= Task statement =
An exact transcription of the records is required, minus any images.

= Data excerpts =

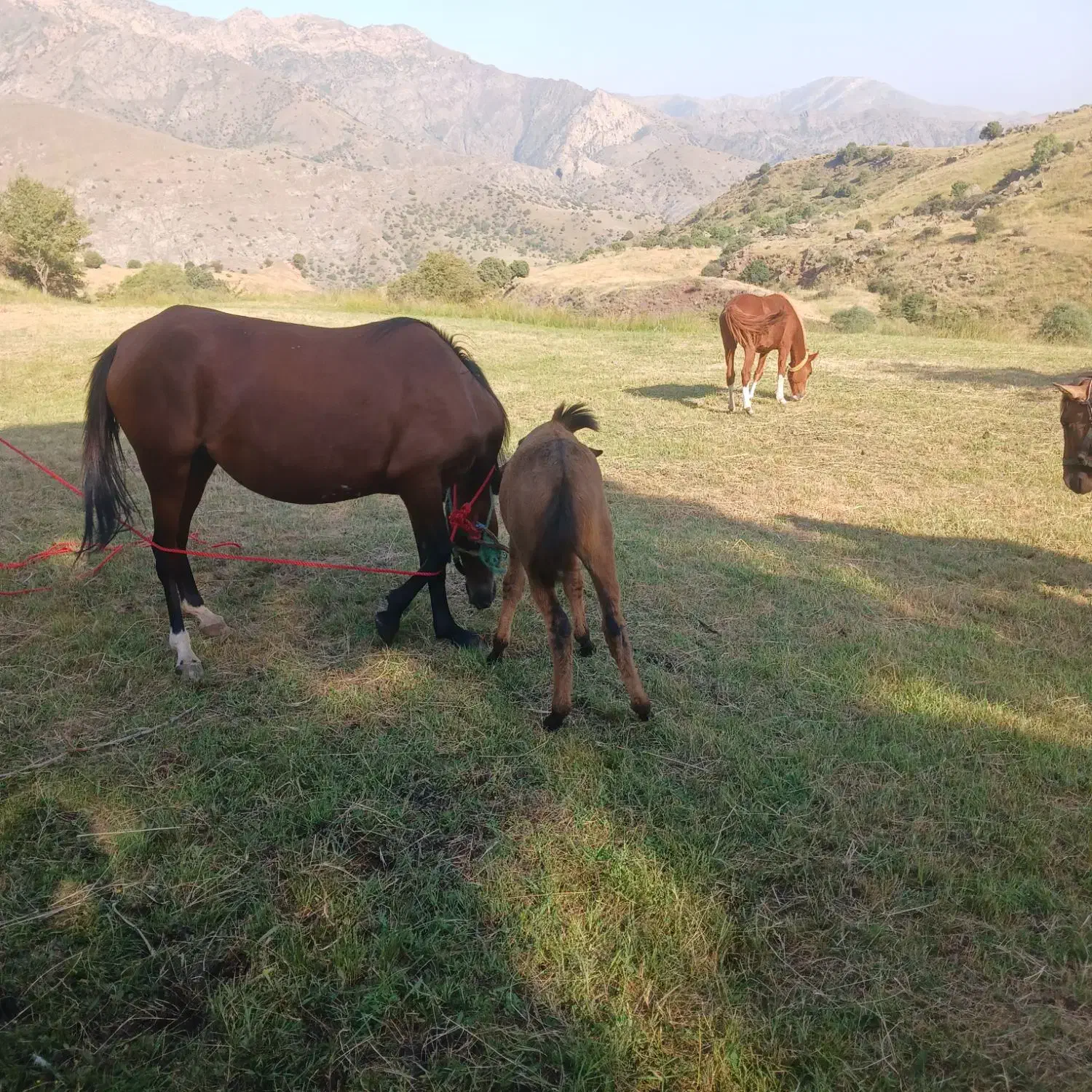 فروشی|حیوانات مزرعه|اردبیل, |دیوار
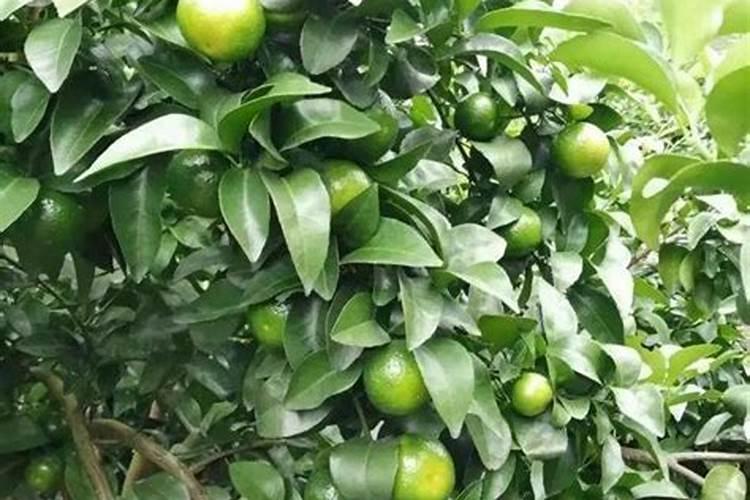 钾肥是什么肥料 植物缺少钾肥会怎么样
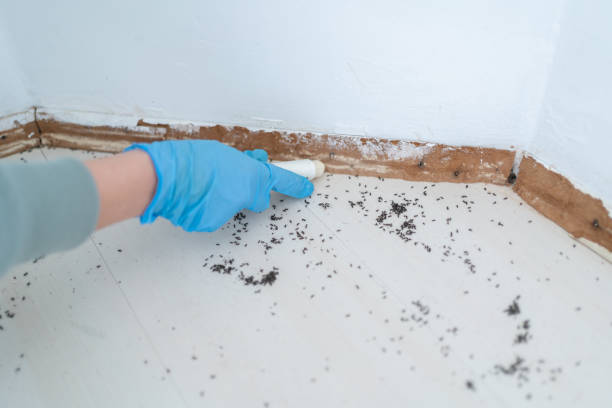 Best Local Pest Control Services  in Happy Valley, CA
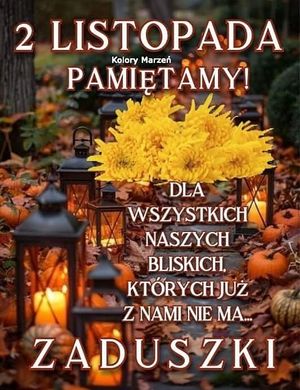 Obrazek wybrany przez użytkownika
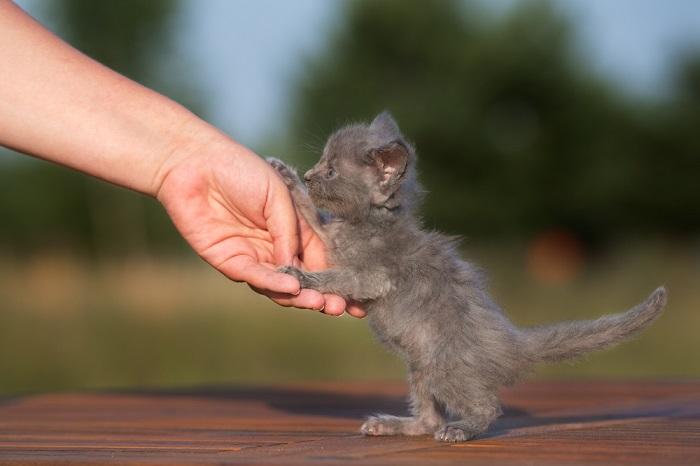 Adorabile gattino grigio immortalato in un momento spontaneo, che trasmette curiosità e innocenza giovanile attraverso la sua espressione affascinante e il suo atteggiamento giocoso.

= Answer space =
 فروشی|حیوانات مزرعه|اردبیل, |دیوار
 钾肥是什么肥料 植物缺少钾肥会怎么样
 Best Local Pest Control Services  in Happy Valley, CA
 Obrazek wybrany przez użytkownika
 Adorabile gattino grigio immortalato in un momento spontaneo, che trasmette curiosità e innocenza giovanile attraverso la sua espressione affascinante e il suo atteggiamento giocoso.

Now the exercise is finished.